November 27, 2012 Tuesday 6:35 PM
I'm trying not to be a manipulative bitch, but my manipulative bitchness has a mind of its own.
For God's sake, I just tried to manipulate my own MOM with a KNIFE. We were downstairs, and randomly mom starts yelling at me about the dishes I should've done yesterday. I have some pretty bad anger issues (that no one likes to address are very serious) and I was already very high strung. I don't know why.
Today had actually been kind of a good day. Anyway, she started yelling at me while I was cutting a bagel so I started waving around my knife, and she only yelled louder. One thing about my mom is, she can yell for like thirty minutes straight about something and you have to sit there with anger boiling in your stomach while she lists everything you haven't done, or yells at you for irrational things, like not asking specific questions. My mom was asleep all day yesterday and my dad was teaching, so I really don't see how I could've asked them any questions about work that needed to be finished.

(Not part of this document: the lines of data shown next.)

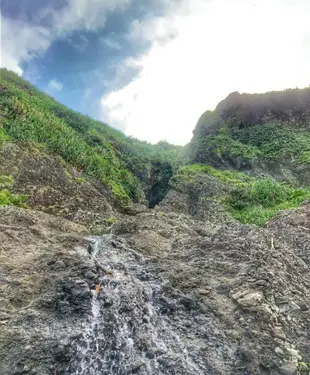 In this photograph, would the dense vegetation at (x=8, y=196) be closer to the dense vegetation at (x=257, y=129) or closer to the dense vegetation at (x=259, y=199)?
the dense vegetation at (x=259, y=199)

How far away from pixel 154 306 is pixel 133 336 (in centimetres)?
201

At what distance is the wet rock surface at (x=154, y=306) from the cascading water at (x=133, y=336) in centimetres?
4

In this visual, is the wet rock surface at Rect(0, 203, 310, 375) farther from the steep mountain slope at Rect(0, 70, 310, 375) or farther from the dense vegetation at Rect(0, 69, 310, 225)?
the dense vegetation at Rect(0, 69, 310, 225)

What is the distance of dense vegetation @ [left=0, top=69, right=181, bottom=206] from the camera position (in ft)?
168

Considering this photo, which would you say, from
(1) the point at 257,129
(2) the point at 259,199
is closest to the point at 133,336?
(2) the point at 259,199

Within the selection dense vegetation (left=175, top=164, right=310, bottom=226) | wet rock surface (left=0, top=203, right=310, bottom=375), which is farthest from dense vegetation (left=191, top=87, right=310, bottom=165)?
wet rock surface (left=0, top=203, right=310, bottom=375)

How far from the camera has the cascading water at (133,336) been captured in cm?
1252

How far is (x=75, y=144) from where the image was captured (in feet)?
198

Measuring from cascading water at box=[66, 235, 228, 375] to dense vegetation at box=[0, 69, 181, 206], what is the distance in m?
29.8

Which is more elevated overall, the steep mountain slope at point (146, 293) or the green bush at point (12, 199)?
the green bush at point (12, 199)

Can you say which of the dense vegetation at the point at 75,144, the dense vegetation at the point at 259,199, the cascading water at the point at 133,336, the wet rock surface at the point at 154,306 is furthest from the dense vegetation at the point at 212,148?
the cascading water at the point at 133,336

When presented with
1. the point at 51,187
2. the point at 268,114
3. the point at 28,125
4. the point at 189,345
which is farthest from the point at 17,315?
the point at 268,114

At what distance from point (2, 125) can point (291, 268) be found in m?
41.6

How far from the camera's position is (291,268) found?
1781 centimetres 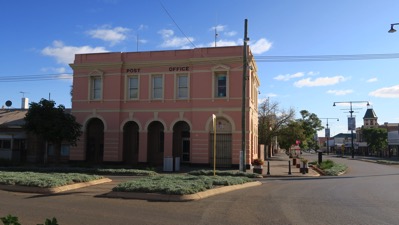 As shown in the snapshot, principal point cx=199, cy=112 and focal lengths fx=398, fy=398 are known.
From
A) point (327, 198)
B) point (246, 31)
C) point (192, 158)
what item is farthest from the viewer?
point (192, 158)

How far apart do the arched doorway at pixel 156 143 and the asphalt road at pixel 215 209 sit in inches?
758

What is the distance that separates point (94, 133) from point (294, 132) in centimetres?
3182

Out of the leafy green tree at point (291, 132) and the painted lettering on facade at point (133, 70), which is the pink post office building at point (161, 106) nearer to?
the painted lettering on facade at point (133, 70)

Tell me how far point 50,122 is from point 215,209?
22.1 m

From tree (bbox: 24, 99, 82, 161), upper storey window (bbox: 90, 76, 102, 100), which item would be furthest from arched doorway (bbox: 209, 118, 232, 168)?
tree (bbox: 24, 99, 82, 161)

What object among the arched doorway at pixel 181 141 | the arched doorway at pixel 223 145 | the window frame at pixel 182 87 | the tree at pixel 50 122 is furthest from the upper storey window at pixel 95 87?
the arched doorway at pixel 223 145

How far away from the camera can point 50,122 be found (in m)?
29.6

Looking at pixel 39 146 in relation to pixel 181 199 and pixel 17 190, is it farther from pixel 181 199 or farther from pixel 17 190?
pixel 181 199

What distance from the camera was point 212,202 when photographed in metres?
12.0

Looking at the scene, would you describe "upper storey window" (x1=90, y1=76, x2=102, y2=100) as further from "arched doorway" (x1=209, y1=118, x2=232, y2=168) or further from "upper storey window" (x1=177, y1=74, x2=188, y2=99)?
"arched doorway" (x1=209, y1=118, x2=232, y2=168)

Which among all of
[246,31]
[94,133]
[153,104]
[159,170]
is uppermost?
[246,31]

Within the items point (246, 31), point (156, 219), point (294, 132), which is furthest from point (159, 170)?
point (294, 132)

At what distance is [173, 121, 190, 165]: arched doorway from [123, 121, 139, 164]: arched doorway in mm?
3412

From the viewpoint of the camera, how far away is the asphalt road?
9.32 meters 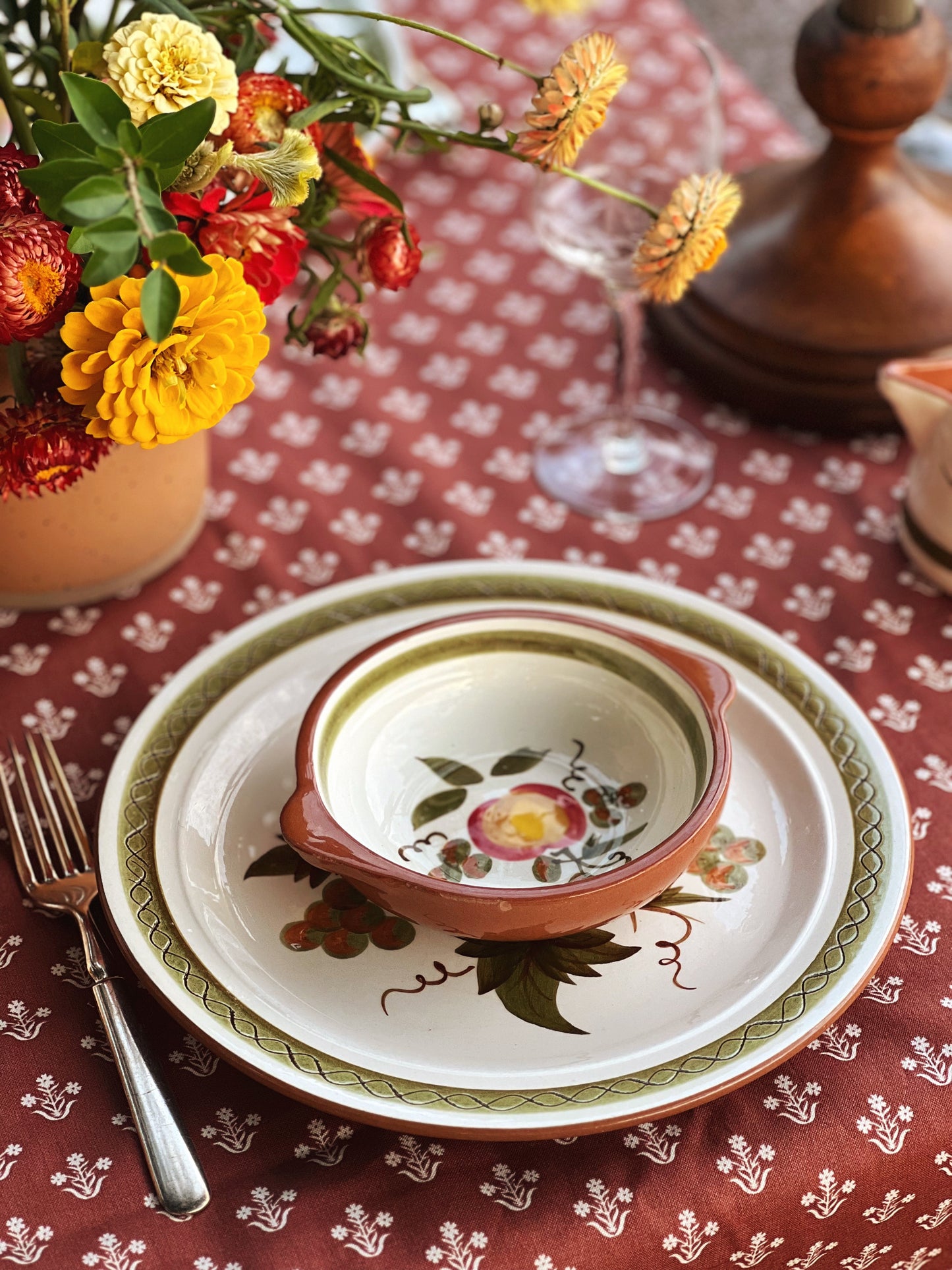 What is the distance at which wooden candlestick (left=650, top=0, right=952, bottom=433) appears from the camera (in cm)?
72

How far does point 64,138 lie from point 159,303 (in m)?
0.08

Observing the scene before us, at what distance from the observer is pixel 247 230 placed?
1.63 ft

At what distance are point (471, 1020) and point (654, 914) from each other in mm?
86

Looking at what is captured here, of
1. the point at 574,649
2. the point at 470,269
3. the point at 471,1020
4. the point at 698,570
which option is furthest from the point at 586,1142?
the point at 470,269

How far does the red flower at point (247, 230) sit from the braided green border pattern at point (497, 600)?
17 centimetres

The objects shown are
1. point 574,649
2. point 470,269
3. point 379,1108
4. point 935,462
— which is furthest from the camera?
point 470,269

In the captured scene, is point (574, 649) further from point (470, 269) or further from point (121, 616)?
point (470, 269)

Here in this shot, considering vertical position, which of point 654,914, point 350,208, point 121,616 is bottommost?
point 121,616

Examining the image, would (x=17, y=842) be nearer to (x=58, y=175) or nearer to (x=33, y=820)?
(x=33, y=820)

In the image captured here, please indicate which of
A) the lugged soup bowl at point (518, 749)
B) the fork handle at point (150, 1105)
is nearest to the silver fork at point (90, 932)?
the fork handle at point (150, 1105)

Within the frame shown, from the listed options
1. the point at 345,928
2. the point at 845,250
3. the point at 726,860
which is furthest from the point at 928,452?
the point at 345,928

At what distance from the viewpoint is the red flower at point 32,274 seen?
0.46m

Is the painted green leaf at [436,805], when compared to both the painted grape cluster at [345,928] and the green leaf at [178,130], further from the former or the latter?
the green leaf at [178,130]

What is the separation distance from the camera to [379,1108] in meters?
0.42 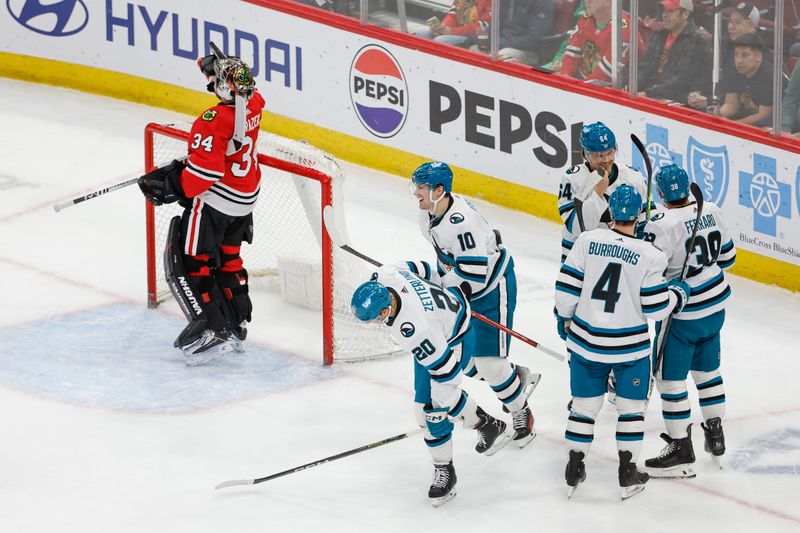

So I shrieked back at her, "Stop! Please stop, I have a knife!" I know, dramatic. Over the top. Stupid. Above all, so so so so so stupid.
Why did I do that?
Because I was trying to unconsciously manipulate her. But I wasn't threatening to stab her, I was threatening to cut myself. I'm surprised she didn't see my wrist.
She was disgusted with me and turned away after saying, "I can't believe you, I've created a MONSTER!"
She said it really sharply. I guess I didn't need a knife, then. I felt really bad, though. I mean, I wouldn't have cut myself in front of her, I was just trying to get my way. Trying to get her to stop shouting at me. I get really sick of her being angry all the time.
So I quietly finished the dishes after putting away the bagel, because I kind of felt like puking after that. I couldn't decide if I wanted her to apologize or I wanted to just forget the whole thing.
I know she only said I was a monster because I hurt her, and she wanted to hurt me back. Sometimes, I wish my mouth could be sown shut.
My anger just takes me over, just like it takes over my mom. Only maybe more so, because I hurt people worse than she does.
I don't usually talk about my parents. My dad doesn't know how to treat people emotionally, and my mom is too sensitive, but I love them both, even if my dad did scoff when I tried to tell him that I wasn't okay.
I'm getting help, though. My mom's called a therapist. $15 per appointment.
I don't know. I really don't know if I should go.
I don't know if I want to be helped.
Decisions, decisions. I guess I'll try, but this seems unlikely.